And how long did it take for this watch to join the collection?

I wanted to time it so the watch coincided with a milestone, and as luck would have it I was turning 30 that year and had just gotten a promotion at work, so I thought “it’s now or never.” It took six months of saving, but I got there.

What do Breguet do best?

My two favourite brands are Breguet and A. Lange & Söhne. Watch guys always talk about the ‘holy trinity’ being Patek Philippe, Audemars Piguet and Vacheron Constantin. For me it’s Patek, Breguet and Lange. I love that all these brands have defining characteristics that flow through all their watches.

Watch guys always talk about the ‘holy trinity’ being Patek Philippe, Audemars Piguet and Vacheron Constantin. For me it’s Patek, Breguet and Lange.

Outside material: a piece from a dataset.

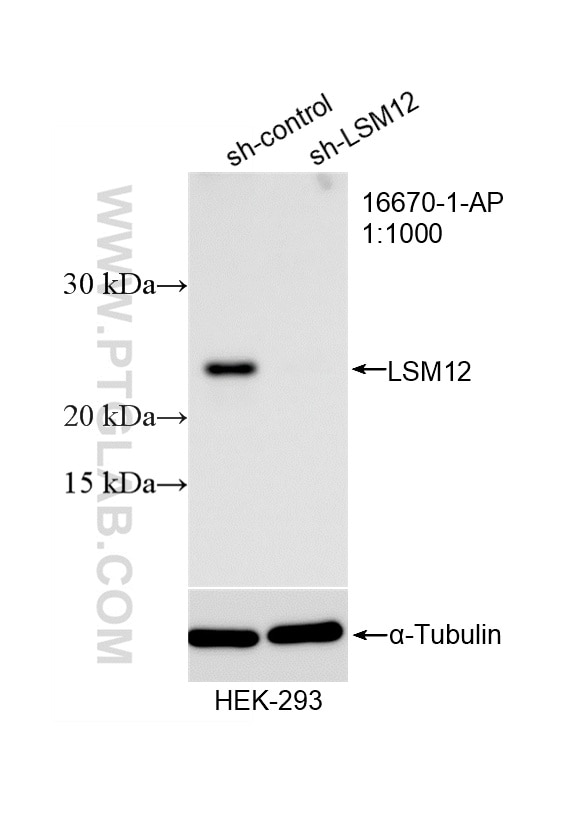 WB analysis of HEK-293 using 16670-1-AP Western Blot (WB) analysis of HEK-293 cells using LSM12 Polyclonal antibody (16670-1-AP)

With Breguet it’s the inventions. Abraham Louis Breguet has a huge list of firsts to his name. And not just little things, we’re talking about huge, significant innovations (for example a self-winding mechanism and the tourbillon). He’s played the most defining role in the watch industry. All this history is there on the watch – the secret signature, fluted case, straight lugs, the serial number on the dial. It’s all there. Breguet offers all this history, right there on the dial, and manages to do it while still looking modern.

And what’s it like on the wrist?

It looks different depending on the light, and because the dial is so complex it takes time to take in. I must say the caseback isn’t so impressive. It does have a hidden power reserve though, which is cool, most Tradition’s have them on the front.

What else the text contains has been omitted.